Stored records
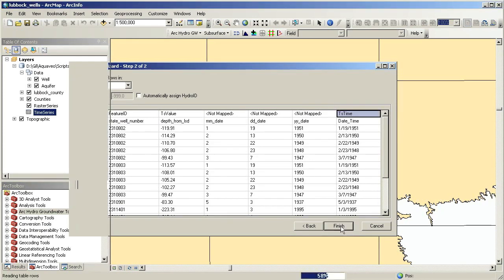We use the Add to Raster Series tool, available in the Groundwater Analyst Toolbox. We specify the raster we want to load and the target raster series raster catalog. We also specify the start and end date fields and the appropriate values to index the raster.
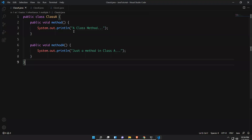Let me go to Visual Studio Code. Here we will first see what multiple inheritance is.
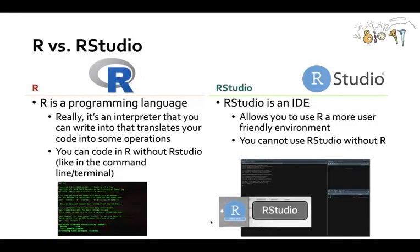So what is the difference between R and RStudio? Well, R you can think of as a programming language. Really it's just an interpreter that you can write into that essentially translates your code into the operations, but we're not going to get into those technical details in this video.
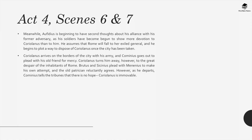Meanwhile, Ophidius is beginning to have second thoughts about his alliance with his former adversary, as the soldiers have begun to show more devotion to Coriolanus than to him. He assumes that Rome will fall to her exiled general, and he begins to plot a way to dispose of Coriolanus once the city has been taken. Coriolanus arrives on the borders of the city with his army, and Cominius goes out to plead with his old friend for mercy, but Coriolanus turns him away. Brutus and Sassinius plead with Menenius to make his own attempt, and the old patrician reluctantly agrees. However, Cominius tells the tribunes there is no hope — Coriolanus is immovable.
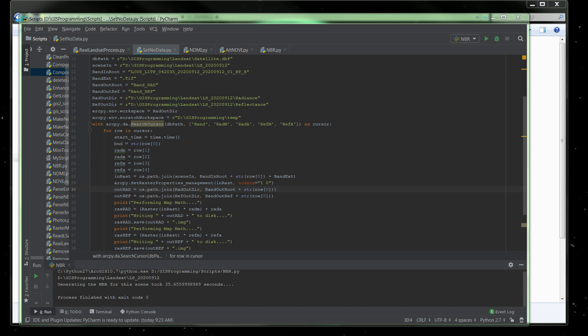So last time we created in our script some images for radiance and reflection and we also created some composites. We created a composite image of bands one through seven and also bands four, three, two and seven. This video we're going to talk about creating a NDVI and an NDMI, a vegetation index and a moisture index, plus we're also going to create the burn ratio.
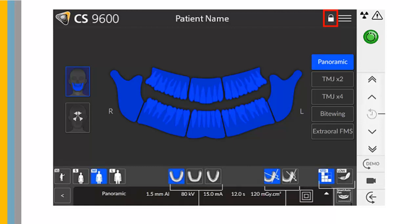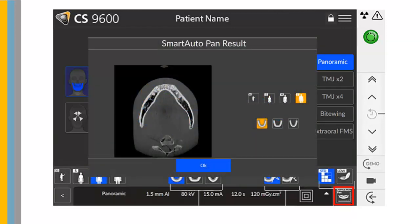Screen Lock is also available on the panel. Smart Auto Pan is an optional 2D function that will scan the patient and recommend patient parameters. Recommended parameters are displayed in orange. If you change the Smart Auto Pan results, the settings will be underlined in orange and the newly selected parameters will be shown in blue.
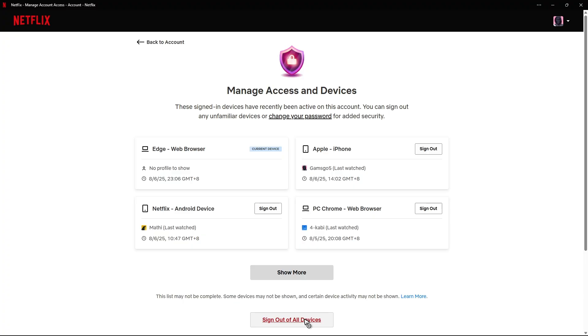Now this will sign you out in this device that you're currently using as well, so just log back in and everything should work perfectly fine. And that is it. I hope this video helps and I'll see you in the next one.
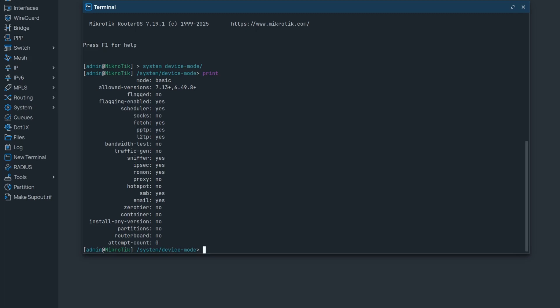To do that, simply use the update command. Let's say I want to go from basic to advanced mode, and I would also like to enable containerization in addition to this preset.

> Goal of the exercise
Set down the records above exactly as written, beginning with the first line and ending with the line that contains "So what is the", and do not include pictures.

> Response to the exercise
We use the Add to Raster Series tool, available in the Groundwater Analyst Toolbox. We specify the raster we want to load and the target raster series raster catalog. We also specify the start and end date fields and the appropriate values to index the raster.
Let me go to Visual Studio Code. Here we will first see what multiple inheritance is.
So what is the difference between R and RStudio? Well, R you can think of as a programming language. Really it's just an interpreter that you can write into that essentially translates your code into the operations, but we're not going to get into those technical details in this video.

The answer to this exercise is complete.